WHAT YOU ARE ASKED TO DO –
Identify all lines below that hold "Bild" and collect them.

# # # # #

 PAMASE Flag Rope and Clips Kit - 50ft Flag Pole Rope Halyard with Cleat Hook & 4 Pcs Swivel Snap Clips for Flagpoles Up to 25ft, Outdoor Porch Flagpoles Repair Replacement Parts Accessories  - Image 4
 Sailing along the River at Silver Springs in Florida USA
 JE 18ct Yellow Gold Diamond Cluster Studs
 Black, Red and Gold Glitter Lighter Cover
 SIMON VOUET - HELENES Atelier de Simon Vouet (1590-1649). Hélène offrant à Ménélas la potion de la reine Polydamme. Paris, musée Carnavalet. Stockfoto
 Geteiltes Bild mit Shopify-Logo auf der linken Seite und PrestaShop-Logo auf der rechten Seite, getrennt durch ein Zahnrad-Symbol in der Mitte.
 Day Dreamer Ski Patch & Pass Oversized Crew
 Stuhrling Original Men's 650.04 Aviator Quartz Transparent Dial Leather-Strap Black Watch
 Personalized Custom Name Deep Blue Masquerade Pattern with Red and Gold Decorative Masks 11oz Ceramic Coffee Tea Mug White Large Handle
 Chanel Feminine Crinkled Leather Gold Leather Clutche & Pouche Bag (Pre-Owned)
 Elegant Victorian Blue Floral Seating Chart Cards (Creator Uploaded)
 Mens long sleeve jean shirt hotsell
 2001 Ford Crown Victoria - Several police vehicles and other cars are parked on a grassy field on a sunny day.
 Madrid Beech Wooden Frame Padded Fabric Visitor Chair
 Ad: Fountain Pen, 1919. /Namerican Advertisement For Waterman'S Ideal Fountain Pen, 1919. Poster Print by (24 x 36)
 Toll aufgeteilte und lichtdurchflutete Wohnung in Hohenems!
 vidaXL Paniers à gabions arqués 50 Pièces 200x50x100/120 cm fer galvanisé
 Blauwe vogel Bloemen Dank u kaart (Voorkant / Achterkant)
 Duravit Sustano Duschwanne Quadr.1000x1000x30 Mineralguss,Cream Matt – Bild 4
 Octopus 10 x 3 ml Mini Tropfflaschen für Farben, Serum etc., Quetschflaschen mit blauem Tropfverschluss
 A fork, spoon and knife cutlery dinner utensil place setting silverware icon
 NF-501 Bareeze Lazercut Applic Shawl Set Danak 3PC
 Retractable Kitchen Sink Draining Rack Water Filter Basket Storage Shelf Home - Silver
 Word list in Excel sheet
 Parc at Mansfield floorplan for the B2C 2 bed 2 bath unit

# # # # #

ANSWER TO THE EXERCISE –
 Geteiltes Bild mit Shopify-Logo auf der linken Seite und PrestaShop-Logo auf der rechten Seite, getrennt durch ein Zahnrad-Symbol in der Mitte.
 Duravit Sustano Duschwanne Quadr.1000x1000x30 Mineralguss,Cream Matt – Bild 4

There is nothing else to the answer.